Ein Helmholtzzentrum ist ja per se ein Exzellenzzentrum, das GFZ in der Erdsystemforschung. Zum Themenspektrum gehören neben der Rekultivierung der Braunkohlentagebaue die Vulkan- und Erdbebenforschung ebenso wie das Tsunami-Frühwarnsystem im Indischen Ozean, die CCS-Technologie und Fragen der Energiewende. Unter welchen Voraussetzungen ist die in Deutschland zu meistern?

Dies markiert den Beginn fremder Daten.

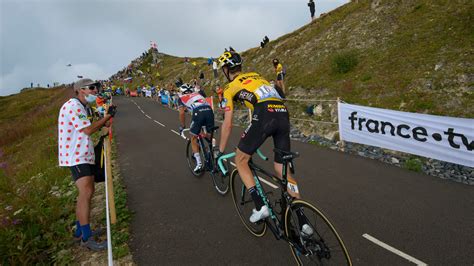 Arrivée du Tour de France à la Cipale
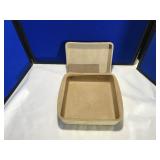 2 Pampered Chef Stone Ware Items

Aufgrund seiner Vorleistungen – gerade im Bereich Regenerativer Energien – verfügt Deutschland grundsätzlich über das Potential, die Energiewende erfolgreich zu meistern. Dazu ist es aber notwendig, dieses große Vorhaben als Gemeinschaftswerk zu begreifen. Das heißt, die gesamte Gesellschaft, jeder von uns muss seinen Beitrag leisten. In Brandenburg haben wir bereits zweimal den Leitstern in der Gesamtwertung „Bestes Bundesland Erneuerbare Energien“ erhalten. Andererseits existieren aktuell 40 regionale bzw. lokale Initiativen gegen Windkraft. Neben der Photovoltaik sind Windkraftanlagen das zentrale Thema im Kontext Erneuerbare Energien hier bei uns in Brandenburg. Diese Situation belegt, dass es überall im Energiebereich Diskussionen gibt, nicht nur zur Kohle und zur Kernenergie, sondern eben auch bei den Regenerativen Energien. In jüngster Zeit kam auch noch eine kontroverse Debatte zur Biomassenutzung hinzu. Deshalb ist es eine Herausforderung, diese verschiedenen Ansprüche möglichst gut in Übereinstimmung zu bringen, also auszubalancieren.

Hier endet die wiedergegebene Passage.